There were 21 urban school districts in the study.  However, Ed has managed to make our work easier by highlighting with color coding just two systems, Atlanta Public Schools (Red) and District of Columbia (Purple).


Figure 1. Trial Urban District, Bottom Line.  Source: Ed Johnson
Figure 1. Trial Urban District, Bottom Line. Source: Ed Johnson

Ed starts his study by giving us the “bottom line.”  How did these systems (reading, math, 4th grade, 8th grade) do?  Figure 1, is a summary of systemic TUD student performance in reading and math at the 4th and 8th grade from 2002 – 2011, and predictions for 2013 (all the predictions were accurate forecasts of student performance in 2013).

Only 4th grade reading showed some improvement over the period 2002 – 2011, and the improvement was slight and noticed only in Austin, Charlotte, and Hillsborough.  In all other systems, no improvement was observed, meaning that the common causes that influence the system of math, or reading, or 4th or 8th grade inhibited improvement.

Student Improvement in Mathematics and Reading

In the TUDA study, a sample of students in each urban district was tested in reading and mathematics at the 4th and 8th grade level.  To help us understand how to interpret data collected over the past dozen or so years, Mr. Johnson has produced a series of graphs (control charts) showing the natural variation of scores to be expected in each system (reading, math, 4th grade, 8th grade).

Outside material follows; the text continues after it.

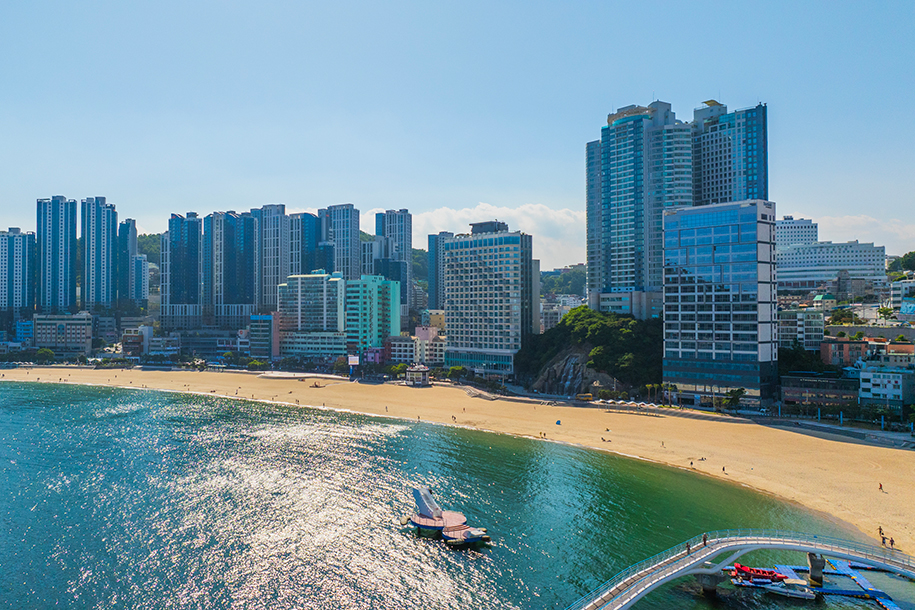 Songdo Beach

Figure 2 shows a control chart for  reading, 4th grade.  Figure 3 shows a control chart for mathematics, grade 4.  Upper control limits and lower control limits were calculated for 2002, and then projected forward.  Changes in scores from one test period to the next are shown in the Figure 2.  If there is systemic change in reading at the 4th grade level, then scores would fall “outside” the upper or lower control limits.  You’ll notice that all the variation, except for four points (Charlotte, 2009 and 2011, Austin, 2011, and Hillsborough, 211), was within the variation expected.  In systems thinking, we mean that the variation for the most part was random, but there is evidence that some special causes were at work in the three districts mentioned here.

Figure 2.  NAEP TUDA, Reading, 4th Grade, All students prepared by
Figure 2. NAEP TUDA, Reading, 4th Grade, All students prepared by

Mathematics is another story.  As Mr. Johnson puts it in his study, “all districts have been on the same boat continuously since 2003 in mathematics at the 4th grade level.  What means is that the variation shown in the graph is random, and not due to any special cause.

Figure 3. NAEP TUDA, Mathematics, 4th Grade, All Students prepared by
Figure 3. NAEP TUDA, Mathematics, 4th Grade, All Students prepared by

There is very little student improvement in reading or mathematics at the 4th grade level as shown in Figures 2 and 3.

As long as we continue to ignore the common causes of variation that exist in the system then we can expect very little to no improvement.

But as Mr. Johnson has said in other letters and reports, if fundamental questions about the purpose of schooling are not addressed and if we can not agree on these purposes, very little will change in the system.  In the two systems explored here, reading at the 4th grade and math at the fourth grade, we need to ask: What is purpose of teaching reading in the elementary school?  Why do we teach reading in the elementary school?  What is goal of teaching mathematics in the elementary school?  Why do we teach mathematics?

As Mr. Johnson has shown, why are these districts on the same boat for the teaching of mathematics?  How can we used systems theory to look at mathematics teaching as a system and answer questions about how to improve mathematics learning?  How can help students develop a love affair with mathematics?

Ed Johnson has examined a lot of data from the standpoint of systems thinking based in part of his work with Edward Deming, and other scholars in the field of systems thinking.

I highly recommend that you check his study which you can get access to as a PDF file here: NAEP TUDA 2002-2011 Views through a Deming Lens.

In the days ahead, I’ll revisit Mr. Johnson’s study, and report on his analysis of the “performance gap” variation that he has depicted as a series of images as shown in Figures 2 and 3.  I’ll also explore systems thinking and school in more detail.